One of the biggest tradeoffs involved the administration’s demand for a prohibition against insurance companies discriminating against applicants with chronic health problems or older people with costlier medical needs. The insurers, in the end, went along with that, but only in return for the individual mandate that would force healthier, younger people into the market and lower the insurers’ overall costs of coverage.

If the Republicans and Trump succeed in tampering with or repealing these and other elements of the legislation, Obamacare will collapse of its own weight. Consumers denied federal subsidies will stop buying insurance on the government-run exchanges. Major health insurers that already have lost millions of dollars by miscalculating or low-balling the premiums they should charge will sharply scale back or end their coverage in many parts of the country. And hospitals and other health providers that have counted on a major increase in insured patients would suffer huge financial losses.
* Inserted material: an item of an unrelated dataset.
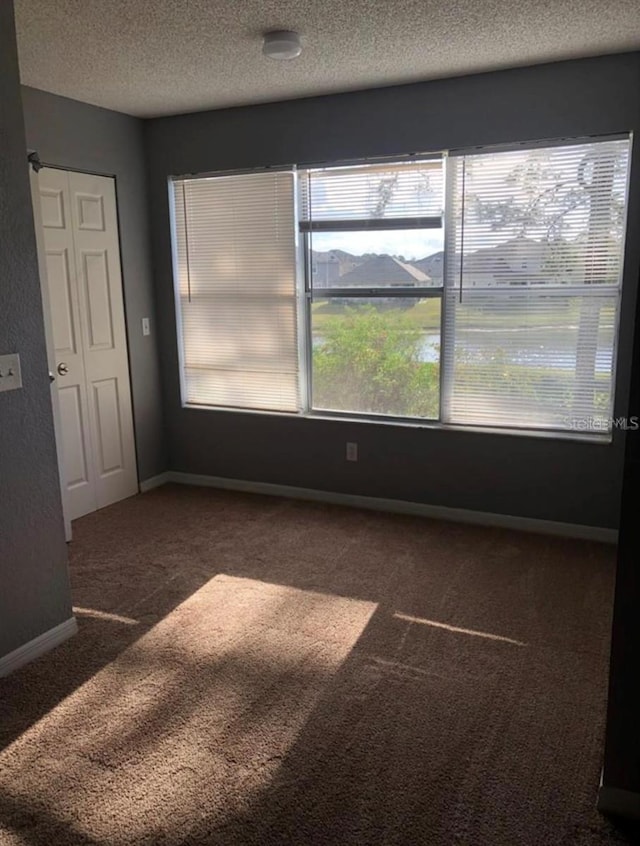 carpeted empty room featuring a textured ceiling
Related: More Bad News for the Remaining Obamacare Co-ops

There is also the question of what will become of the millions of low-income adults who have received health care coverage for the first time under the expanded Medicaid program in 31 states and the District of Columbia – with the federal government picking up 90 percent of the cost under Obamacare.

The notion of abruptly repealing the existing program and implementing a replacement in a seamless fashion without sending the insurance and hospital industries into a panic and rescinding coverage for more than 20 million Americans seems far-fetched at best.

Even if the Republicans give themselves a two-year transition period in which to develop a workable alternative before completely pulling the plug on Obamacare, the experience of the Democrats in negotiating the existing program is an important lesson in the daunting challenges facing Trump.

Still, the president-elect who has spent a career in real estate development and never served a day in public office betrayed little doubt that he could orchestrate such a sea change in federal health care policy and operations without creating widespread hardship for Americans – and a likely political backlash in the 2018 mid-term elections.

“We’re going to do it simultaneously – it’ll be just fine,” he said during his interview with 60 Minutes.